Interacting with HPC schedulers

Many researchers have access to institutional HPC facilities that allow time-sharing of the capacity of a large computer cluster between many researchers. Julia and COBREXA.jl work well within this environment; but your programs require some additional customization to be able to find and utilize the resources available from the HPC.

In our case, this reduces to a relatively complex task: You need to find out how many resources were allocated for your task, and you need to add the remote workers precisely at places that were allocated for your.

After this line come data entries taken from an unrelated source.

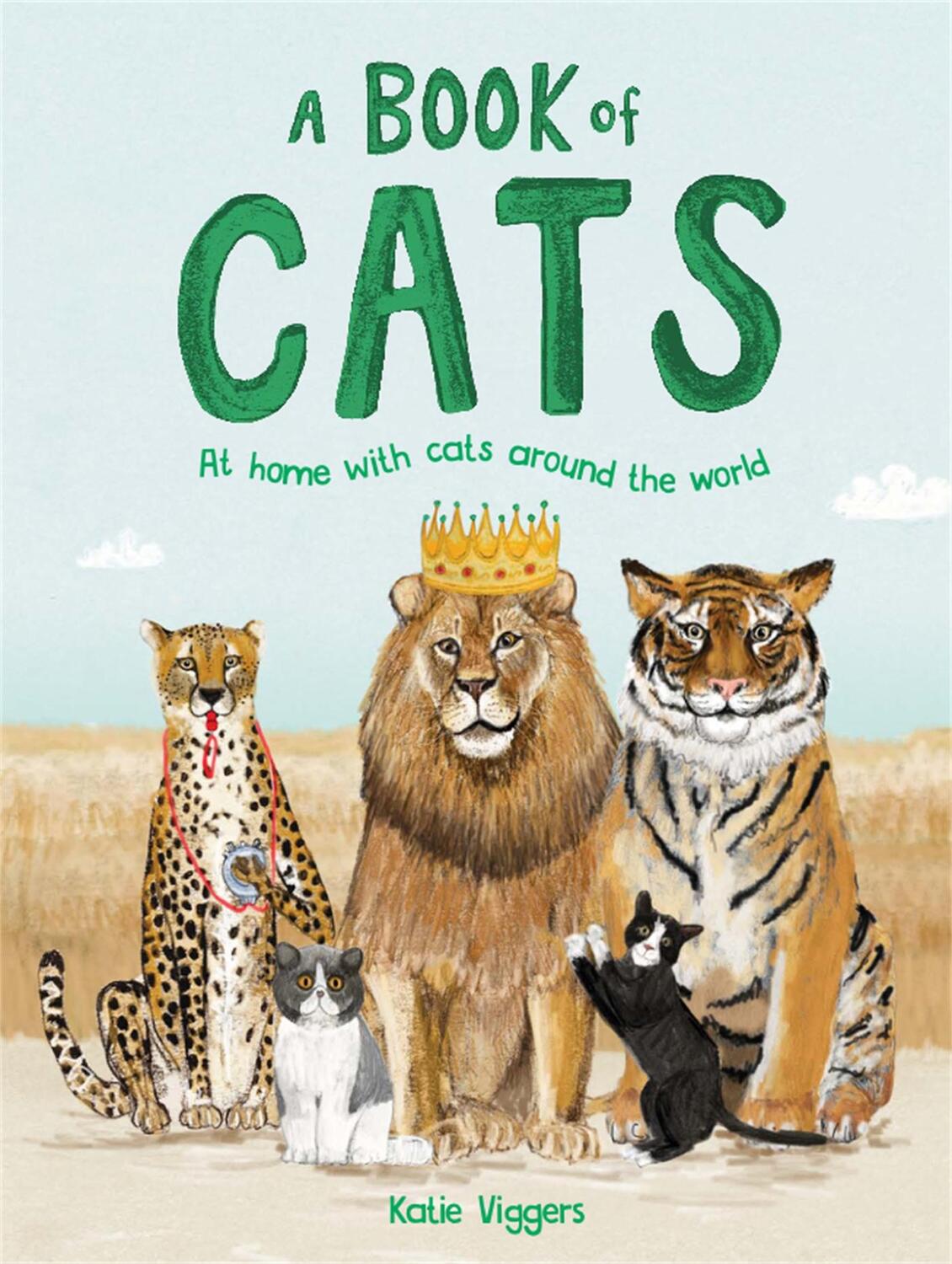 Cover: 9781913947231 | A Book of Cats | At home with cats around the world | Katie Viggers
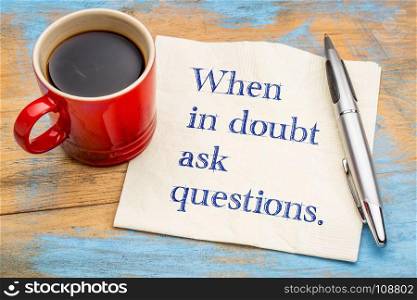 When in doubt ask questions - handwriting on a napkin with a cup of coffee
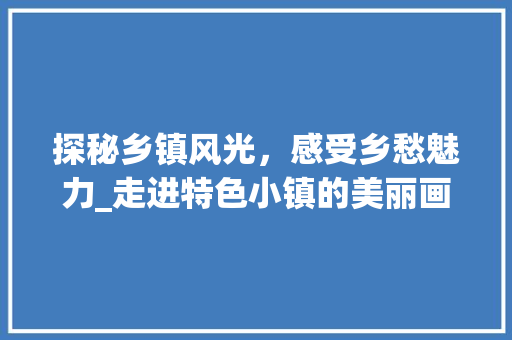 探秘乡镇风光，感受乡愁魅力_走进特色小镇的美丽画卷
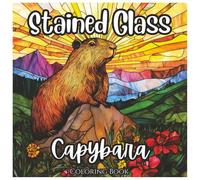 Stained Glass Capybara: Cute Coloring Book For All Ages: Capybara Designs with Bold Stained Glass Patterns for Kids, Teens, and Adults to Relax and Have Fun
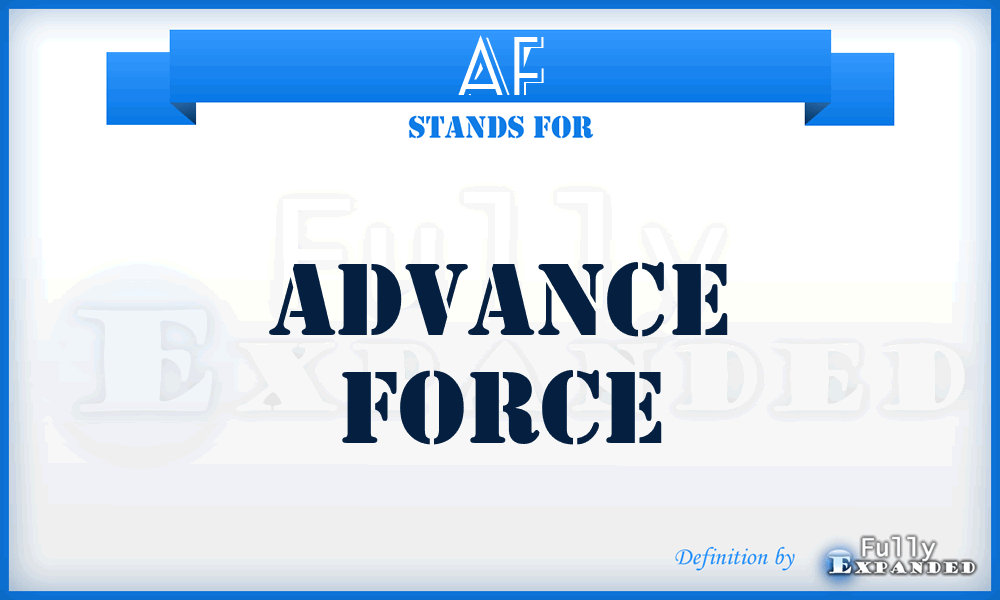 AF - Advance Force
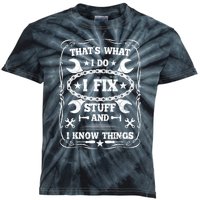 I Fix Stuff And Know Things Funny Car Guy Retro Dad Mechanic Kids Tie-Dye T-Shirt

Fortunately, the package ClusterManagers.jl can do precisely that.

For simplicily, we will assume that your HPC is scheduled by Slurm.

Adding of the workers from Slurm is done as follows:

  • you import the ClusterManagers package
  • you find how many processes to spawn from the environment from SLURM_NTASKS environment variable
  • you use the function addprocs_slurm to precisely connect to your allocated computational resources

The Julia script that does a parallel analysis may then start as follows:

using COBREXA, Distributed, ClusterManagers

available_workers = parse(Int, ENV["SLURM_NTASKS"])

addprocs_slurm(available_workers)

...
result = flux_variability_analysis(...; workers=workers())
...

After adding the Slurm workers, you may continue as if the workers were added using normal addprocs, and (for example) run the flux_variability_analysis as shown above.

What about the other HPC schedulers?

ClusterManagers.jl supports many other common HPC scheduling systems, including LFS, Sun Grid, SGE, PBS, and Scyld, in a way almost identical to Slurm. See the package documentation for details.

Wrapping your script in a Slurm job

To be able to submit your script for later processing using the sbatch Slurm command, you need to wrap it in a small "batch" script that tells Slurm how many resources the process needs.

Assuming you have a Julia computation script written down in myJob.jl and saved on your HPC cluster's access node, the corresponding Slurm batch script (let's call it myJob.sbatch) may look as follows:

#!/bin/bash -l
#SBATCH -n 100           # the job will require 100 individual workers
#SBATCH -c 1             # each worker will sit on a single CPU
#SBATCH -t 30            # the whole job will take less than 30 minutes
#SBATCH -J myJob         # the name of the job

module load lang/Julia   # this is usually required to make Julia available to your job

julia myJob.jl

To run the computation, simply run sbatch myJob.sbatch on the access node. The job will be scheduled and eventually executed. You may watch sacct and squeue in the meantime, to see the progress.

Remember that you need to explicitly save the result of your Julia script computation to files, to be able to retrieve them later. Standard outputs of the jobs are often mangled and discarded. If you still want to collect the standard output, you may change the last line of the batch script to

julia myJob.jl > myJob.log

and collect the output from the log later. This is convenient especially if logging various computation details using the @info and similar macros.